100% HDD usage is not dependant of SATA disk type, all storagenode may have this utilization after a node restart or a storagenode update or randomly.

In the real world of storage user must pay for LIST requests that will generate intensive IOPS. The scam is that requests are not done by tardigrade users but by the storagenode code itself.
A big cloud provider actually is paid at least for :

Storage (MB/GB/TB)
PUT/COPY/POST/LIST Requests
GET/SELECT and Other Requests

On cloud side never you will see directory traversal executed server side “pieces scan”… It’s only a decentralized cloud thing because providers don’t manage directly the hardware. Imagine if big cloud providers achieve a recursive lookup for files stored in datacenters ? They dont ! because they are confident with there hardware as using RAID or multiple controlers on multiple sites… For me storj shoud pay for every IOPS made on the hardware (request in object storage world…).
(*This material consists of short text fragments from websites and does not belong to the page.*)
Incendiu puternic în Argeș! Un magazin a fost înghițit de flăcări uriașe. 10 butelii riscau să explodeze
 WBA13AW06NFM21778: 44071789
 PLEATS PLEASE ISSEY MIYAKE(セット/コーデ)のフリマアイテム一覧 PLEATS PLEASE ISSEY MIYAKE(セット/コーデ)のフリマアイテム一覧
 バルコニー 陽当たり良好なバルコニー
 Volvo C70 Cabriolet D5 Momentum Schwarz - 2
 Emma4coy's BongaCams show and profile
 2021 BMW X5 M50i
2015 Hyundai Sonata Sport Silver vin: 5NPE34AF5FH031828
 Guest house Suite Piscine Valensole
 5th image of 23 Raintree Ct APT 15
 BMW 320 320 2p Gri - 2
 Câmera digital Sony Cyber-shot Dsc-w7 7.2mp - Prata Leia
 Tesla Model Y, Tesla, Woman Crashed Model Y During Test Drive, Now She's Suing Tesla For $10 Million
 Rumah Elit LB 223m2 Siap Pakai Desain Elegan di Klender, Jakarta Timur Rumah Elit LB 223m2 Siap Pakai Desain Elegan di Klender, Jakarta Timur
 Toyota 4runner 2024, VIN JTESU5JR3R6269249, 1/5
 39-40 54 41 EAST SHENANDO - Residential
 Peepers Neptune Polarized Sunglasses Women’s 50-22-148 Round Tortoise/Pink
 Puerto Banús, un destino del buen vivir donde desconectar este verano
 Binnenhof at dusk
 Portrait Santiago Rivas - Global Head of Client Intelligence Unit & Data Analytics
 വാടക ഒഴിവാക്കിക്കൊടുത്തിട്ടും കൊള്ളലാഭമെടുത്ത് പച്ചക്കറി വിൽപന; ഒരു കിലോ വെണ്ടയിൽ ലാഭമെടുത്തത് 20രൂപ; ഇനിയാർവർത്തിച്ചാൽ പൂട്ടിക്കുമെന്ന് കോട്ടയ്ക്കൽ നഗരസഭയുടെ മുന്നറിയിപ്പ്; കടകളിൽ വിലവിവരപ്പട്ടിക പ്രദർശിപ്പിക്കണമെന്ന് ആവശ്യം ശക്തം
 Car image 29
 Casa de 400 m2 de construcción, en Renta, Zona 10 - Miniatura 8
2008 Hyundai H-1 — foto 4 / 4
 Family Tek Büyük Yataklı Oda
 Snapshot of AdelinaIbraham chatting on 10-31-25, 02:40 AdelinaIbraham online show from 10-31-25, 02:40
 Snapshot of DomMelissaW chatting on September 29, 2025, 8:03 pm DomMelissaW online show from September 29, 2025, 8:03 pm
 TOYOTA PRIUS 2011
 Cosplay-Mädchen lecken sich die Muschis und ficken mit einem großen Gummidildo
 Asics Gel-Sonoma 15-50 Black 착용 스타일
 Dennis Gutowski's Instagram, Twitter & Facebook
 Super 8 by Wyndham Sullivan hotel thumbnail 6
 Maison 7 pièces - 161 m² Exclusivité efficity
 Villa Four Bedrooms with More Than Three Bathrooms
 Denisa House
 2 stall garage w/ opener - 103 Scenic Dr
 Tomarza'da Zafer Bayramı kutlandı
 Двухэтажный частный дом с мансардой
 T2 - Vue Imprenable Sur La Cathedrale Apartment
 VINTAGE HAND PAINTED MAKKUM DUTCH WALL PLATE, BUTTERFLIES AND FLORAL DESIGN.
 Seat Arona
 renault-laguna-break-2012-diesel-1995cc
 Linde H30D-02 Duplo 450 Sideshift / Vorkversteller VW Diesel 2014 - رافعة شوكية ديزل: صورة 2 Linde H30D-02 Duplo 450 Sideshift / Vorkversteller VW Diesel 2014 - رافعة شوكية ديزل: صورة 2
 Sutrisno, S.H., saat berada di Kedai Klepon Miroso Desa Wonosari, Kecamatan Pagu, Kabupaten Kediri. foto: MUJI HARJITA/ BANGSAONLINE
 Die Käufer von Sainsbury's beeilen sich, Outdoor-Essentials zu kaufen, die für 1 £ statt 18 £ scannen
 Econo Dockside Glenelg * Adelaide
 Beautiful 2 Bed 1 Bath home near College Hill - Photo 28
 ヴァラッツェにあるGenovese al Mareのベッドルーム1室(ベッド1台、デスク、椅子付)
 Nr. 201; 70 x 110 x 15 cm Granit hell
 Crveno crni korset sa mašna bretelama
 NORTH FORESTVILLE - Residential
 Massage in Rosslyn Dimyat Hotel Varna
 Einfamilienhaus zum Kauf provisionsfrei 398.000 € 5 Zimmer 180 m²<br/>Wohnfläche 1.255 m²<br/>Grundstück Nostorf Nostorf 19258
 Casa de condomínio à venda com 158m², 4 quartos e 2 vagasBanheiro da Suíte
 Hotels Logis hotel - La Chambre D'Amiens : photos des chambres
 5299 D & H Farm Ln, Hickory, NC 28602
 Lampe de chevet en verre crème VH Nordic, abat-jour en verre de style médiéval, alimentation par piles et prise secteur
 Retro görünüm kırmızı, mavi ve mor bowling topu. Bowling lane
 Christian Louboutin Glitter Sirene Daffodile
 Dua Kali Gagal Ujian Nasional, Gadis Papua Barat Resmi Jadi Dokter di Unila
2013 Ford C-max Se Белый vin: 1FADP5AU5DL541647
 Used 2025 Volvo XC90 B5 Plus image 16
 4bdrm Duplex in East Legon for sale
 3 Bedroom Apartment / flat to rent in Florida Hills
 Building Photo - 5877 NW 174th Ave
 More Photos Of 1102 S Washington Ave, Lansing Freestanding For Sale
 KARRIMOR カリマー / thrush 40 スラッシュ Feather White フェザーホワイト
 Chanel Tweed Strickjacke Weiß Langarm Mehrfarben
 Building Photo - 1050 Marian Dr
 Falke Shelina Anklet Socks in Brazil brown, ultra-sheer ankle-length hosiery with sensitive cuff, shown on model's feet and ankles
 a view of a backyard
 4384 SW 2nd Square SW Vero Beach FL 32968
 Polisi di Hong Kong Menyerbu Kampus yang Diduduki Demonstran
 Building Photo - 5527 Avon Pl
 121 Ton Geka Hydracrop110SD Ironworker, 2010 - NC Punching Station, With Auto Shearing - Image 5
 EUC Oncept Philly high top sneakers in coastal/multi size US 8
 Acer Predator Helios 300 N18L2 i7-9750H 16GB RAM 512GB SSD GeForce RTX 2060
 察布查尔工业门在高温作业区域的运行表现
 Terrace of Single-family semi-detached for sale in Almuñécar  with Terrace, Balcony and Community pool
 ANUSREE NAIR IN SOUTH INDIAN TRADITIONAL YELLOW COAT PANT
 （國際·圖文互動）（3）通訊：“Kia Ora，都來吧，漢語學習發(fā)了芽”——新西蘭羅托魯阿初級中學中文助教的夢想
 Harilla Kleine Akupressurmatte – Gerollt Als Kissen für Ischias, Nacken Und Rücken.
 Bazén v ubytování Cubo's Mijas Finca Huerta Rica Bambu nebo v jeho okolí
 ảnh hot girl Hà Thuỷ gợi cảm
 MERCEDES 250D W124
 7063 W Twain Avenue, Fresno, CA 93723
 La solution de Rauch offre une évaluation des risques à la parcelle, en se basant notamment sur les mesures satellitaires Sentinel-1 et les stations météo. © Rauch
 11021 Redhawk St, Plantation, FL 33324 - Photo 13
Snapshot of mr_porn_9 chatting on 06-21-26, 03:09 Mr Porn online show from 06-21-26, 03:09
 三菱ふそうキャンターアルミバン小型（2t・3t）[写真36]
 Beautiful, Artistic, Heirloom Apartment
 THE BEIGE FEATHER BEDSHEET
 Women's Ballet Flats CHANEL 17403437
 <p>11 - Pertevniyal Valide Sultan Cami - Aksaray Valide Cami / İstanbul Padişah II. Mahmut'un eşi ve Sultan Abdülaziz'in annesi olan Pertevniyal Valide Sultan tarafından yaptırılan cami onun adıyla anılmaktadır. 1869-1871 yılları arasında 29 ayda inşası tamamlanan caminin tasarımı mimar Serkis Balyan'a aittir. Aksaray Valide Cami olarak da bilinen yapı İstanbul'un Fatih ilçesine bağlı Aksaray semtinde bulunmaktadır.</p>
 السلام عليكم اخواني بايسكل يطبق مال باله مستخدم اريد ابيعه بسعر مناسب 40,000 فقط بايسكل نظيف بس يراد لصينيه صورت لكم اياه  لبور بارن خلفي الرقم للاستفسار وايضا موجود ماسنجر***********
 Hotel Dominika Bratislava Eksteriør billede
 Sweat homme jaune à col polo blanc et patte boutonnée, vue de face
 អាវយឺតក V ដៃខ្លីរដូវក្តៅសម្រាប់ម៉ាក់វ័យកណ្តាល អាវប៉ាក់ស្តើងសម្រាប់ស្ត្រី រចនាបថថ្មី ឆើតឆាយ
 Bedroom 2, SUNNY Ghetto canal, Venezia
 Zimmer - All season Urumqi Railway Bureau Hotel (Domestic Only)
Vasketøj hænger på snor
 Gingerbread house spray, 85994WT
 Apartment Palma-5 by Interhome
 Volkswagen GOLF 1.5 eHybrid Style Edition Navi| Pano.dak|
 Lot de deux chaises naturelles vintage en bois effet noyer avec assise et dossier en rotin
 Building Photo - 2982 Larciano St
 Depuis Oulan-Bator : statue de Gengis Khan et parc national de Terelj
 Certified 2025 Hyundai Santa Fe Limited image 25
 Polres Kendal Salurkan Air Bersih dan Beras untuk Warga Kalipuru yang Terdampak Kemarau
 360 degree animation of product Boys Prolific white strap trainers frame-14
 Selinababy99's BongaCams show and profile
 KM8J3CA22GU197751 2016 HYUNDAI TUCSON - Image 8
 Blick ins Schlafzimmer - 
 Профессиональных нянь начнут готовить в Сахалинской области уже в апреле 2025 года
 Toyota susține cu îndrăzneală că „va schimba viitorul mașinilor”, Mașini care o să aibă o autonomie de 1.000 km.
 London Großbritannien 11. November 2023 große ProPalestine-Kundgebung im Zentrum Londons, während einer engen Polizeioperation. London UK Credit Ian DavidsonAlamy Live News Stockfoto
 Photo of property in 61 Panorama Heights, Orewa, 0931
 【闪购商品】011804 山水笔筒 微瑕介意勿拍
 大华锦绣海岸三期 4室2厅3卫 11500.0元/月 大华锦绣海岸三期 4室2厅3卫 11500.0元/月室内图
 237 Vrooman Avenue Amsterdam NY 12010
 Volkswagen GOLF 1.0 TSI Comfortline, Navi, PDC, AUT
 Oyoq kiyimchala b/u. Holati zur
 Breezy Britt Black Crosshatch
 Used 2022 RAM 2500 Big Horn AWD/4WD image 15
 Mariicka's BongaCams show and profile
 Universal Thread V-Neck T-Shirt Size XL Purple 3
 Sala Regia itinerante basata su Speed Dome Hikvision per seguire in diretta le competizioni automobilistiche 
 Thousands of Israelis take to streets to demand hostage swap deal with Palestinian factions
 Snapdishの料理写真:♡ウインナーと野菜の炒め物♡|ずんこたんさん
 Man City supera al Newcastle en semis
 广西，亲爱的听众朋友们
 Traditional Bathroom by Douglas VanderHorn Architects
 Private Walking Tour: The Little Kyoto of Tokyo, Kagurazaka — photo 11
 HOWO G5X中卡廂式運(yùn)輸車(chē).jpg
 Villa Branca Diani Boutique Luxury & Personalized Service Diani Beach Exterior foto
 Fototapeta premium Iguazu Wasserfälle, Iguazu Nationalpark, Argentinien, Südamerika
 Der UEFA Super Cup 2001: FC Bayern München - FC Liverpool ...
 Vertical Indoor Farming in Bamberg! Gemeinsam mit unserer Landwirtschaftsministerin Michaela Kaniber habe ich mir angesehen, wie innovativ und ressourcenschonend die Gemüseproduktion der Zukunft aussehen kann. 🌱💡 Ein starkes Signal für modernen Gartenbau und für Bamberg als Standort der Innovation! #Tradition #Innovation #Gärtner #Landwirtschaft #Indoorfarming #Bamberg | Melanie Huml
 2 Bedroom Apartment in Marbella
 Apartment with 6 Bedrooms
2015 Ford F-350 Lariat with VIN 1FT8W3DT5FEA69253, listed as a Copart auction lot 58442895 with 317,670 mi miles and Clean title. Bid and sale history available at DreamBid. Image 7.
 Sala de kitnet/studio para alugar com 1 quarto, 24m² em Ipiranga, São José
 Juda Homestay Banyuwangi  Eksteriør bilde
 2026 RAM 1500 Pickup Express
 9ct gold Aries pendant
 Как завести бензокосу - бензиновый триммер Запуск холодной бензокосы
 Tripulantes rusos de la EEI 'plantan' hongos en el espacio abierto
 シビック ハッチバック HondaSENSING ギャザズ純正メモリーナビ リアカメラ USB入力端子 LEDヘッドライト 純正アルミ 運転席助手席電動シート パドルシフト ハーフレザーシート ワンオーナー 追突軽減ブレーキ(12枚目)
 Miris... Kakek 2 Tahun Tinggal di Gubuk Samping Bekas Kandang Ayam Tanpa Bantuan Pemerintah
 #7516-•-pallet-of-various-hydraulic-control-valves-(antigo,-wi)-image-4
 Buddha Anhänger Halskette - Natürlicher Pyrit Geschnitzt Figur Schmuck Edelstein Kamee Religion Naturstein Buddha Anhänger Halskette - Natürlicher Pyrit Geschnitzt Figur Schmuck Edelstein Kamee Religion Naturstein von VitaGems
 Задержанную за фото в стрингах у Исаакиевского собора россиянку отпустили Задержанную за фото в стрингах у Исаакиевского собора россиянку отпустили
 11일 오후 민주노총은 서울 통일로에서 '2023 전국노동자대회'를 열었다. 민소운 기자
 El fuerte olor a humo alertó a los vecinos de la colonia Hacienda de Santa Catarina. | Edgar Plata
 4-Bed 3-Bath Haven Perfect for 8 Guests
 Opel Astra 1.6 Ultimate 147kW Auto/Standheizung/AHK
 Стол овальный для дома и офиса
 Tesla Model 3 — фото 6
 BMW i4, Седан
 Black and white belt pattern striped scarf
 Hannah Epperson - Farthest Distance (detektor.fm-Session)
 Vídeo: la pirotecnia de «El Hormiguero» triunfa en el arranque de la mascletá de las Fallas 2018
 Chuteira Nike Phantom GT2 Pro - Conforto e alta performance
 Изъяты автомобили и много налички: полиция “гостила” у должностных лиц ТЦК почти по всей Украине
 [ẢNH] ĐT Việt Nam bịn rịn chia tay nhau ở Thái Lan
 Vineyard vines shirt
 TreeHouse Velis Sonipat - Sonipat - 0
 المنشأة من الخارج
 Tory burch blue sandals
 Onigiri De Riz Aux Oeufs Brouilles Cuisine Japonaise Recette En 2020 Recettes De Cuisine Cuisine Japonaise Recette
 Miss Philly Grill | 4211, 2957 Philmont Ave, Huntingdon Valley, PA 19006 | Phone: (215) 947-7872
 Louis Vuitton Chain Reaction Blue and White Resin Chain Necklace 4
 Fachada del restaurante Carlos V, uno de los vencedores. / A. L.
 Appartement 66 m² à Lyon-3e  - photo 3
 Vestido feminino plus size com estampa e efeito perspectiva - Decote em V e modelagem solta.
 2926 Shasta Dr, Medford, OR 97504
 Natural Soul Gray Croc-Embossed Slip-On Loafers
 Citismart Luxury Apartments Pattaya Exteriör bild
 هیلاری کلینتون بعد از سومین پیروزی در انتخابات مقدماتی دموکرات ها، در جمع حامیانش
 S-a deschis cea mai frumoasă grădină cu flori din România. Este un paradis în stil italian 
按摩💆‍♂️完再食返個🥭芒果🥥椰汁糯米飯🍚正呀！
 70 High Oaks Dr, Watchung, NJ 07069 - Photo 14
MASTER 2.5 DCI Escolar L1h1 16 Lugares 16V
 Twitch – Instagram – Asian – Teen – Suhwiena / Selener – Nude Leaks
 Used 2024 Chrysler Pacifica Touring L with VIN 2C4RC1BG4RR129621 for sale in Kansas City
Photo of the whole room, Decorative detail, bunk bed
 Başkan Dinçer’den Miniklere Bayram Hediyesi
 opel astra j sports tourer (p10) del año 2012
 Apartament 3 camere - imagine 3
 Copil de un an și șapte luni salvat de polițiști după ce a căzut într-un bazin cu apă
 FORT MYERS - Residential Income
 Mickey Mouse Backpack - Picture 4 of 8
Storj should really find another solution to ensure the integrity of the data than intensive pieces scan, at least reduce the intensiveness of the scan (which is not paid actually) by the code, by system cache, by exporting dbfiles to another path or other solution.

Imagine do a ls -recursive on a object storage volume with some millions of files and how many list requests fees you will to pay ?

I am available to continue to clarify this and to help with my IT infrastructure skills.

Best regards.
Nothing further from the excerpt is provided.